Funny then how this happens...

Little wonder, then, that a major SEWRPC activity in this decade has been the creation of a $6.5 billion regional transportation plan that does not contain a single penny for any transit upgrade or initiative.

The plan is about to launch, over the City of Milwaukee's formal objection, a $1.9 billion, eight-year project segment including a new fourth I-94 lane from Milwaukee to Illinois. The plan deliberately omits a commuter rail plan that is available for the same corridor.

Even though gasoline has broken the $4-per-gallon barrier and demand for transit is up, neither the state nor SEWRPC will revisit the plan, its assumptions, spending and goals. That's not planning. That's denial.

So this is what happens when you give suburban jurisdictions control of the transportation funding that is regional in nature. No wonder they can't get the KRM line built or a reasonable transit network. They are always getting bad planning advice and have no funding clout.

5 comments:

Nick said...

I get the feeling sometimes things might work better if transportation funding were more local.

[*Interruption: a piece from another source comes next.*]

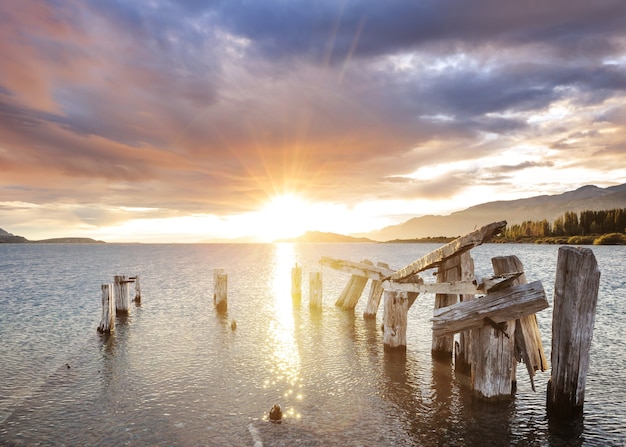 Scène de lac au lever du soleil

Counties are an arbitrary unit, but just suppose we made them self-sufficient: that is, every county figures out it's own transportation plan, and figures out for itself how to pay for it--no cycling $$ through the federal or state government, no "regional planning boards" to divvy up cash; basically, if a county wants anything built, whether it's roads or transit, tax yourself and pay for it.

Places smart enough to invest in transit would benefit, places that want to keep flushing cash down the freeway widening toilet would be free to do so.

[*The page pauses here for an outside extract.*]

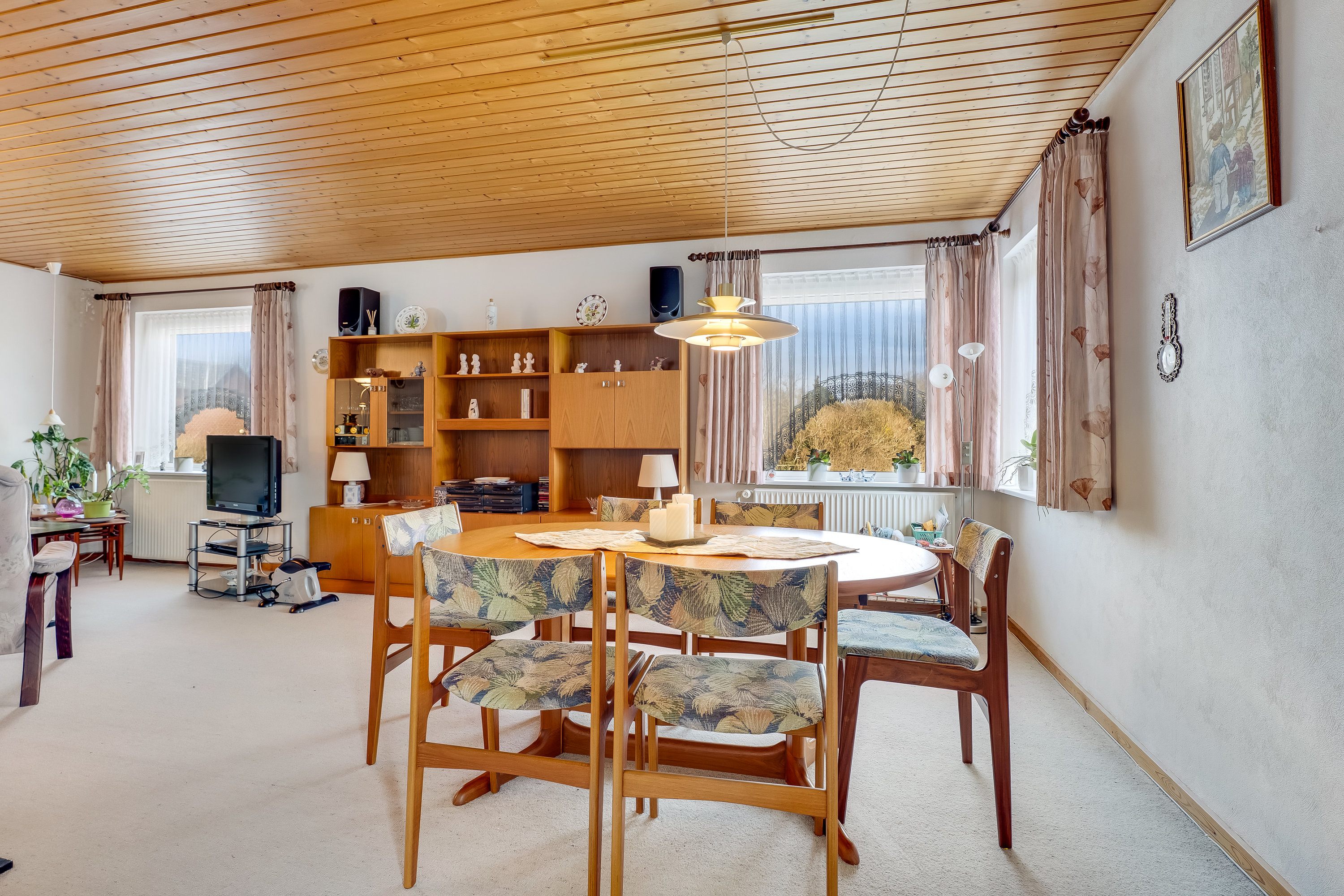 Fremhævet stue billede i fuldskærmstilstand. Billede af Rosmarksvej 2, 4900 Nakskov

The quality of both types of projects would benefit too (not all transit projects are good, not all road projects are bad!)--people are just a lot more careful when they're spending their own money!

crzwdjk said...

The problem with planning strictly on the county level is that you get each county having an independent transit system, and little connectivity between them. Kind of like the Bay Area, actually.

Nick said...

We kind of get the worst of both scenarios in the Bay Area--we have a regional board, the MTC, that divvies up cash politically, but doesn't have the teeth or guts to make all our different agencies work together.

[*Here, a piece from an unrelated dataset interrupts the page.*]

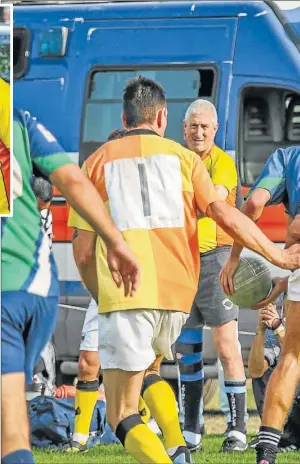  ??  ?? CUSTODIADO­S. Salen a jugar 20 de los 45 presos que entrenan en el penal.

So here in San Mateo County, the biggest transit investment "we" have gotten lately, or are likely to get for a long time, is the BART extension to SFO--which doesn't actually do us much good at all, it's just to get people in SF and the East Bay to an airport that happens to be in our county. But to add insult to injury, if I ride CalTrain to connect with BART to go to the airport, I don't even get a free transfer--I got buy an extra ticket for the privilege of riding two miles from the "intermodal station" to the airport.

Dave said...

Oh yea it is a mess here in Milwaukee with such a suburban focus. No rail component but Billions (the $1.9 I94 project is just one example) and Billions for new and improved freeways.

It's a shame. Milwaukee, WI is actually a great city but this suburban rift holds in back from really moving forward.

Nick said...

So what would happen if Milwaukee County just up and withdrew from the regional board?

The Feds demand a regional authority for regional transportation projects--and you really can't have an authority like that if you don't include the urban core.

So if Milwaukee really feels they're getting totally shafted, they can at least use the threat of messing up the gravy train for the suburbs as leverage.